Retype the material exactly, ending with the line containing "feet care crema".

──────── Data provided ────────

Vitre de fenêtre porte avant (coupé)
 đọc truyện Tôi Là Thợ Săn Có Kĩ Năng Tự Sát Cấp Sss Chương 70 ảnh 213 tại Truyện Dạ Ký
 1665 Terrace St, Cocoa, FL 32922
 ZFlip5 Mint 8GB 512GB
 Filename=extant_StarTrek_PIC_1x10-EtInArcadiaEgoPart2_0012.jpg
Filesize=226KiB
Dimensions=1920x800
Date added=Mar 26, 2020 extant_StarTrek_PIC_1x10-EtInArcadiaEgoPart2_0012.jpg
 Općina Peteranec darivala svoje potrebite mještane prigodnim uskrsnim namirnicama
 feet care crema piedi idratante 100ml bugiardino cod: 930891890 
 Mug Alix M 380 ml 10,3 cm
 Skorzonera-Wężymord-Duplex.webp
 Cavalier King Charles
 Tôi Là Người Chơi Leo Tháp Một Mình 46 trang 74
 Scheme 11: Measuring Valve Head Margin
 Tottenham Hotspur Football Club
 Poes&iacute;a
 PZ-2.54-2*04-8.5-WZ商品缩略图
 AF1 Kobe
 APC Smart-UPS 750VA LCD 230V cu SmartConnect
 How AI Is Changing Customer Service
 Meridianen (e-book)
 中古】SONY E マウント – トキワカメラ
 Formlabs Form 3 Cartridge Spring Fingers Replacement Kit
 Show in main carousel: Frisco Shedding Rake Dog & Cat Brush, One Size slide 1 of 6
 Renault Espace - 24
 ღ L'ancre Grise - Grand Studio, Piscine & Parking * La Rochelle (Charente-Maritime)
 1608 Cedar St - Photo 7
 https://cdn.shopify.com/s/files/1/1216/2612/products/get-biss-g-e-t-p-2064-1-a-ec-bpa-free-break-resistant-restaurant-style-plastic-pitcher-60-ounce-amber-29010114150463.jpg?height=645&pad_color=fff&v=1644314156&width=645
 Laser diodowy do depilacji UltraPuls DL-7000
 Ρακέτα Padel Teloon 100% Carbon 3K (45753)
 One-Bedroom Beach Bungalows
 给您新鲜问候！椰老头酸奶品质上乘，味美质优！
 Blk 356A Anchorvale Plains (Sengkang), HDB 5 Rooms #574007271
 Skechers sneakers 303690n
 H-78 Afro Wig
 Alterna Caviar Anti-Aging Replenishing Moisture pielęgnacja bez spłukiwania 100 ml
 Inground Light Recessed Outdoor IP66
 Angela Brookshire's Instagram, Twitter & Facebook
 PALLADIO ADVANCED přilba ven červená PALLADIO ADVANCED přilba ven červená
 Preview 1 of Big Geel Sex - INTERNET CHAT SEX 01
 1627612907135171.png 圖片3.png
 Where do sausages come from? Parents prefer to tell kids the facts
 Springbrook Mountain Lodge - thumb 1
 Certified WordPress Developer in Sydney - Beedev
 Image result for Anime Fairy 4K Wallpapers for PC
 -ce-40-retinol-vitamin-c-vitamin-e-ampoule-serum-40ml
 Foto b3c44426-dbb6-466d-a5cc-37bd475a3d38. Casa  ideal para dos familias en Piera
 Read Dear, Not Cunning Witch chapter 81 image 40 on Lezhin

────────

### Solution for this task
Vitre de fenêtre porte avant (coupé)
 đọc truyện Tôi Là Thợ Săn Có Kĩ Năng Tự Sát Cấp Sss Chương 70 ảnh 213 tại Truyện Dạ Ký
 1665 Terrace St, Cocoa, FL 32922
 ZFlip5 Mint 8GB 512GB
 Filename=extant_StarTrek_PIC_1x10-EtInArcadiaEgoPart2_0012.jpg
Filesize=226KiB
Dimensions=1920x800
Date added=Mar 26, 2020 extant_StarTrek_PIC_1x10-EtInArcadiaEgoPart2_0012.jpg
 Općina Peteranec darivala svoje potrebite mještane prigodnim uskrsnim namirnicama
 feet care crema piedi idratante 100ml bugiardino cod: 930891890 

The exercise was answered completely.